### AIM OF THE TASK
From the material below, copy exactly the lines beginning with the one that contains "Игрушечный револьвер Gonher" and ending with the one that contains "Activision&#39;s Call Of"; the pictures stay out.

BEGIN SOURCE DATA

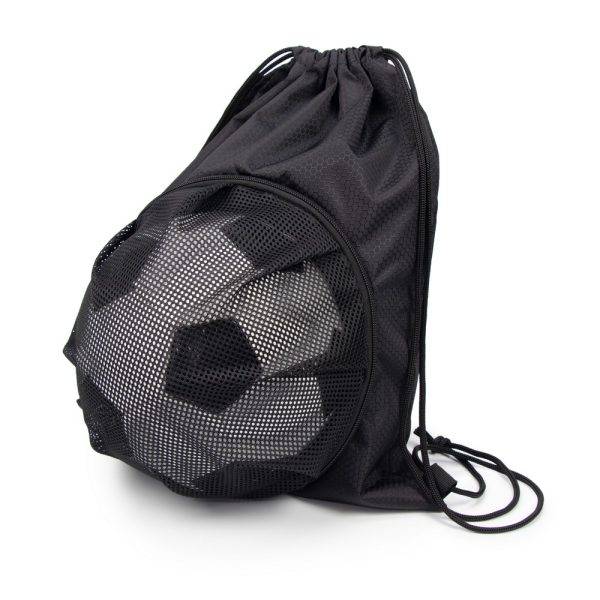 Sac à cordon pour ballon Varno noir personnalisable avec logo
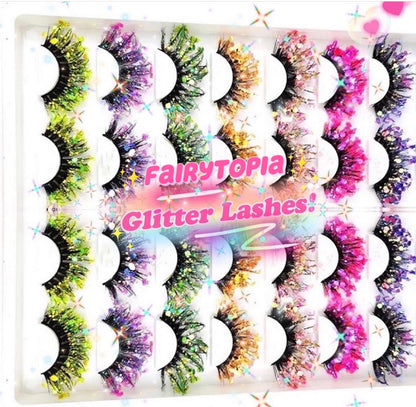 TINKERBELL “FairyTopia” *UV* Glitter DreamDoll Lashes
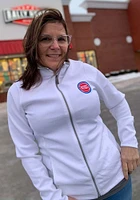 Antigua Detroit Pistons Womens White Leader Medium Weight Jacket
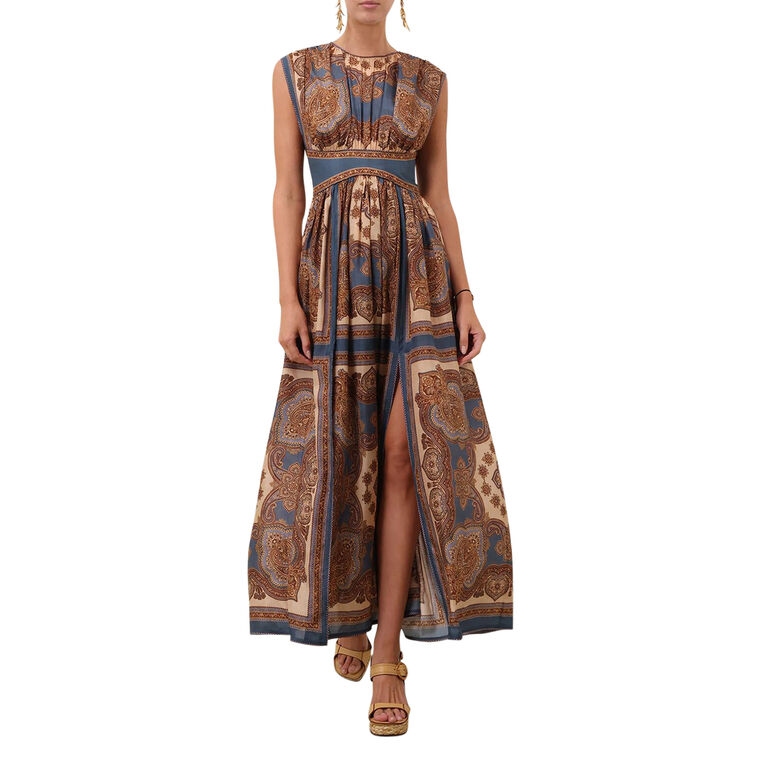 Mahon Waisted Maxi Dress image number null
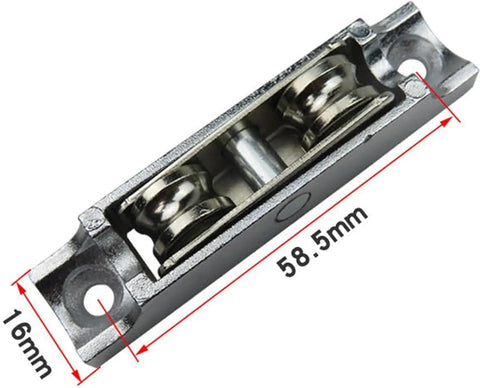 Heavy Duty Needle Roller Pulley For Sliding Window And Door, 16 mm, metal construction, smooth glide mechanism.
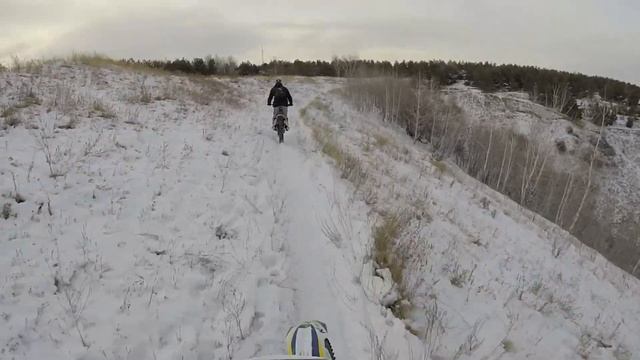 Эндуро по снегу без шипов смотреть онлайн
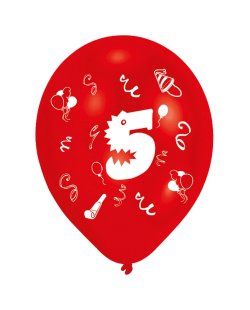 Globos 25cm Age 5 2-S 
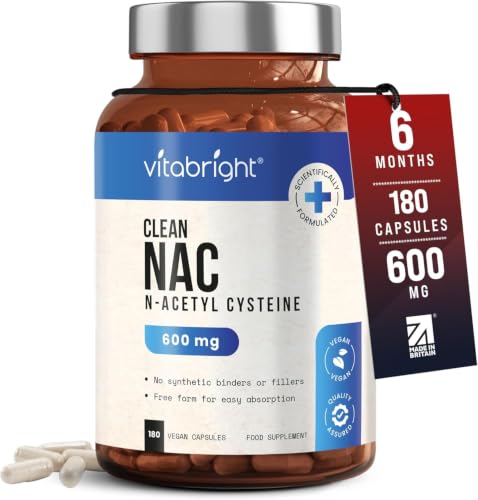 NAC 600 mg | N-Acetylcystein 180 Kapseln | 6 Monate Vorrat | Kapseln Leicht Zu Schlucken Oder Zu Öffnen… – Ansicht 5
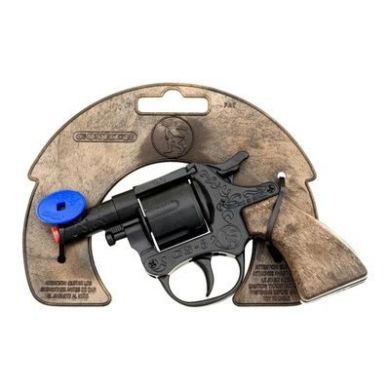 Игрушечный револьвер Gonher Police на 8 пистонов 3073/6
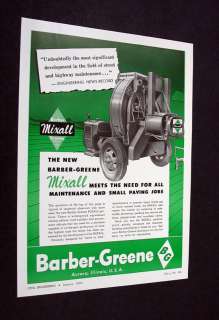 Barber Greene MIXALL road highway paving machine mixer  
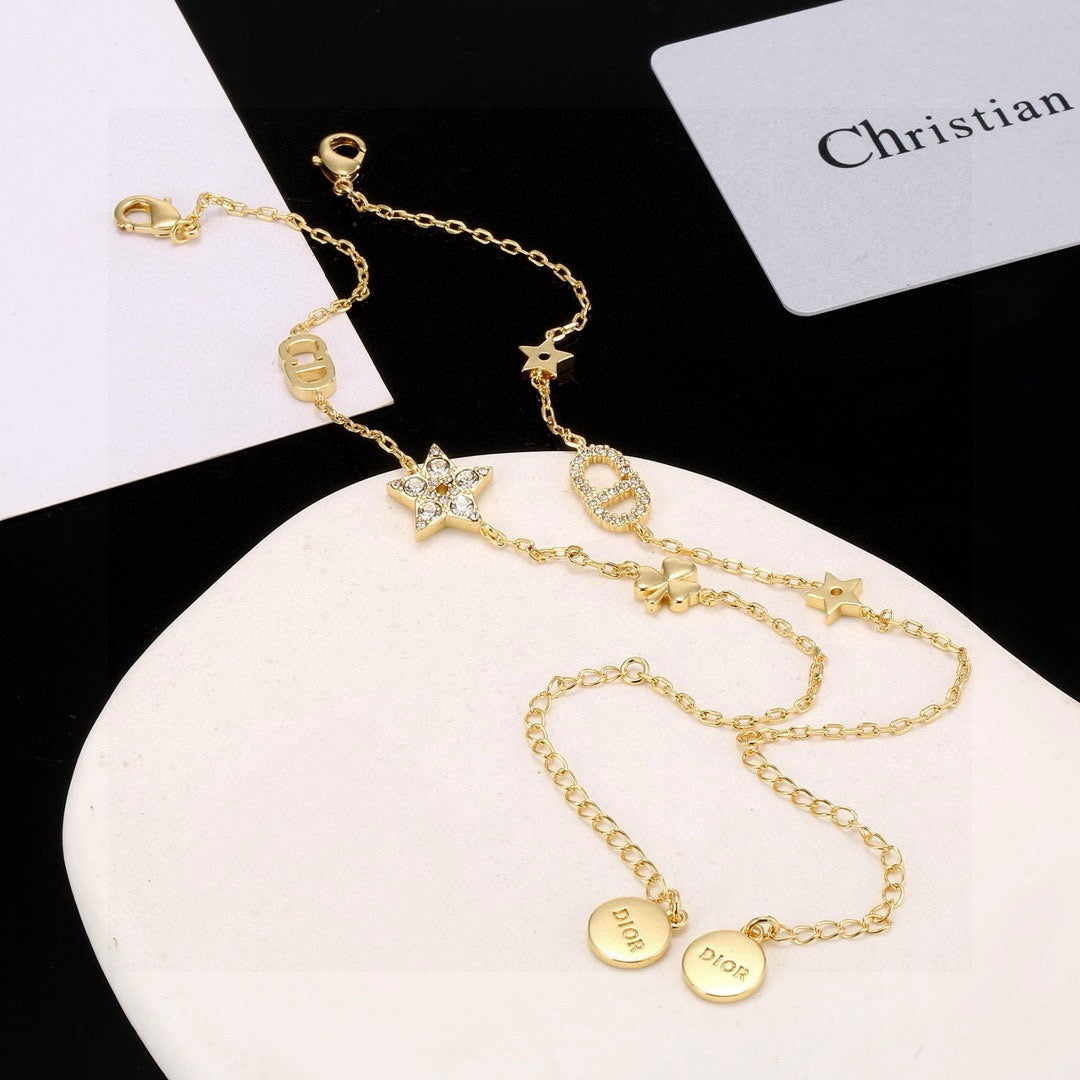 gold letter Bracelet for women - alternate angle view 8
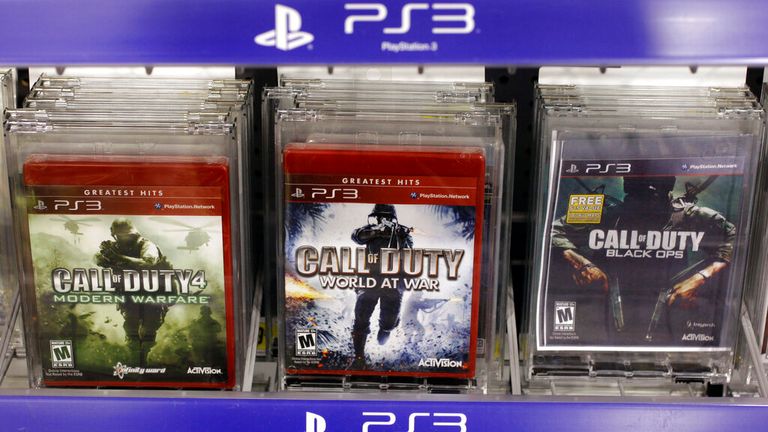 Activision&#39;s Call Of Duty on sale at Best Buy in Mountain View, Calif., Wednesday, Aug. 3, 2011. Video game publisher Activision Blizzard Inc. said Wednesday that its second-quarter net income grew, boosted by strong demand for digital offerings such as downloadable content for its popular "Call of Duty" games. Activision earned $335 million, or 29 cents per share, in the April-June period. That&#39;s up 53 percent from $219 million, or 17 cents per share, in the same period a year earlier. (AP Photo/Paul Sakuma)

END SOURCE DATA
BEGIN SOURCE DATA

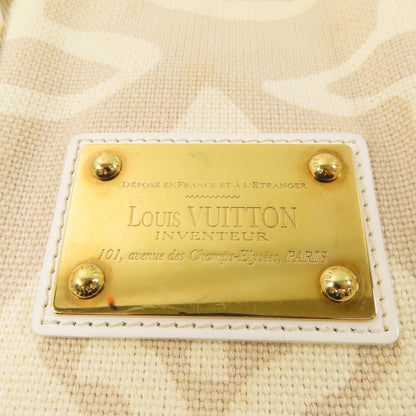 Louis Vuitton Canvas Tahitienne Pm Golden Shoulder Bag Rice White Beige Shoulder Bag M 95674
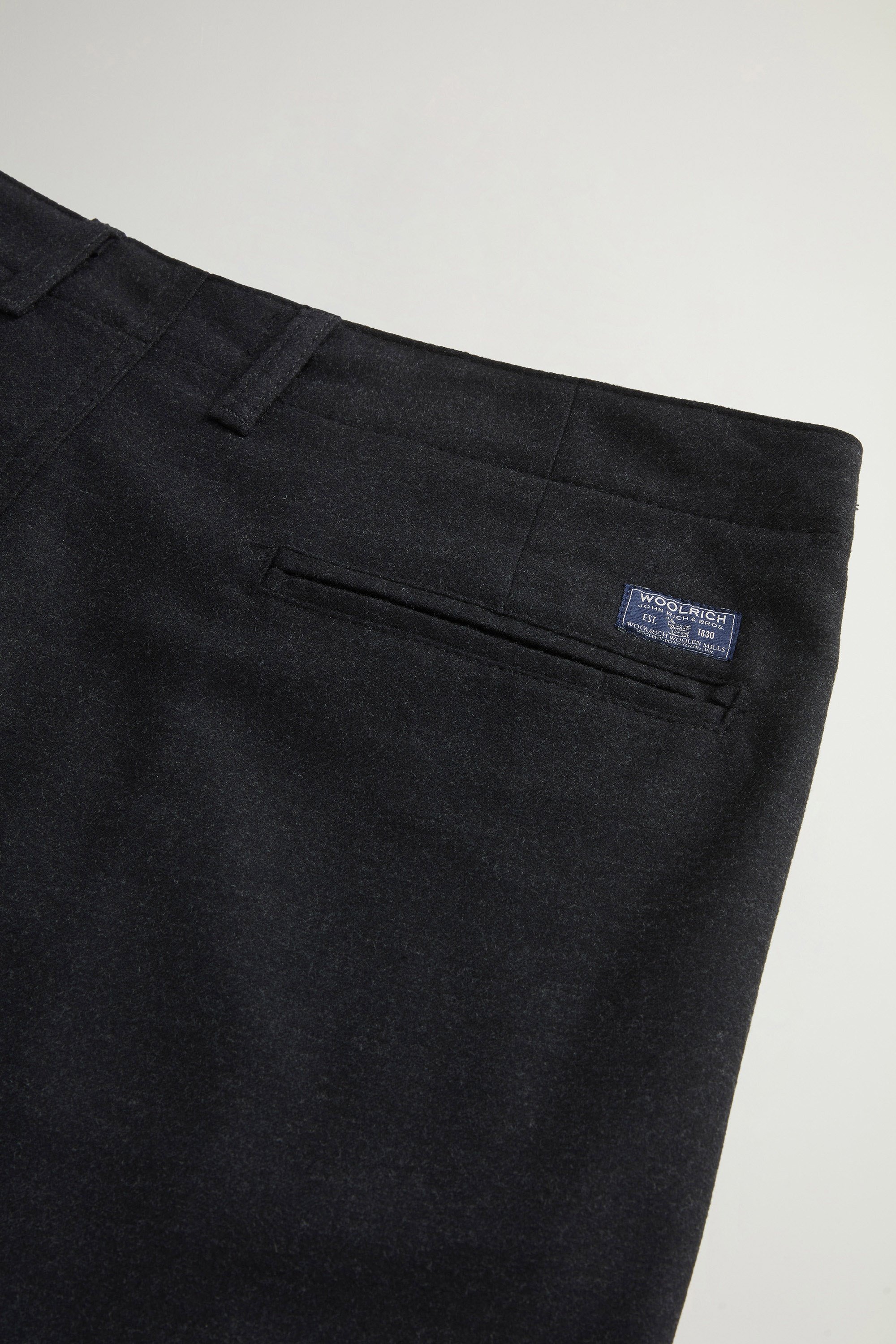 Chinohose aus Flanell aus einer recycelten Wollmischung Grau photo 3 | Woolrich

END SOURCE DATA
BEGIN SOURCE DATA

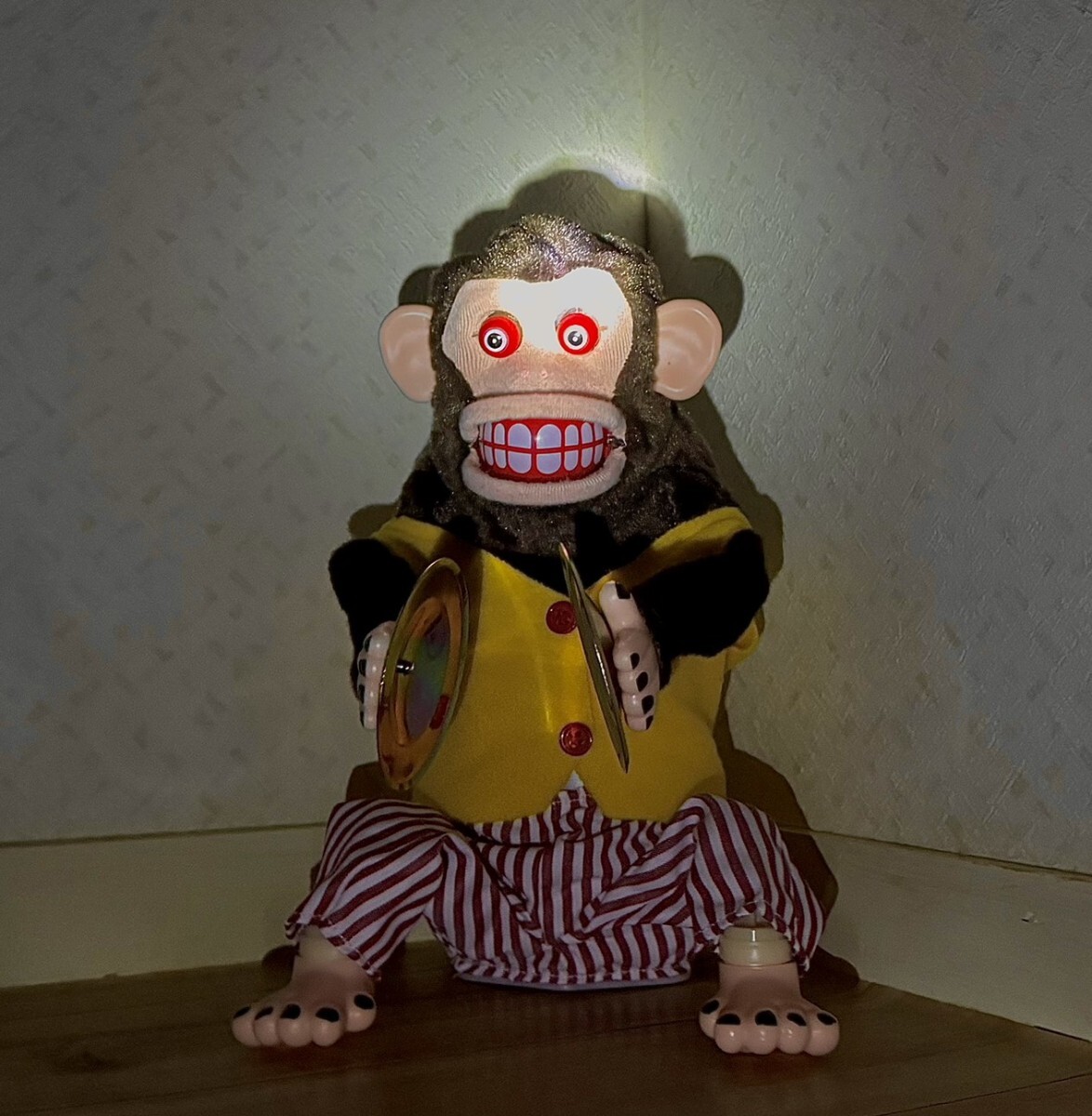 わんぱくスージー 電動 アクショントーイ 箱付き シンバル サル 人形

END SOURCE DATA

### ANSWER BELOW
 Игрушечный револьвер Gonher Police на 8 пистонов 3073/6
 Barber Greene MIXALL road highway paving machine mixer  
 gold letter Bracelet for women - alternate angle view 8
 Activision&#39;s Call Of Duty on sale at Best Buy in Mountain View, Calif., Wednesday, Aug. 3, 2011. Video game publisher Activision Blizzard Inc. said Wednesday that its second-quarter net income grew, boosted by strong demand for digital offerings such as downloadable content for its popular "Call of Duty" games. Activision earned $335 million, or 29 cents per share, in the April-June period. That&#39;s up 53 percent from $219 million, or 17 cents per share, in the same period a year earlier. (AP Photo/Paul Sakuma)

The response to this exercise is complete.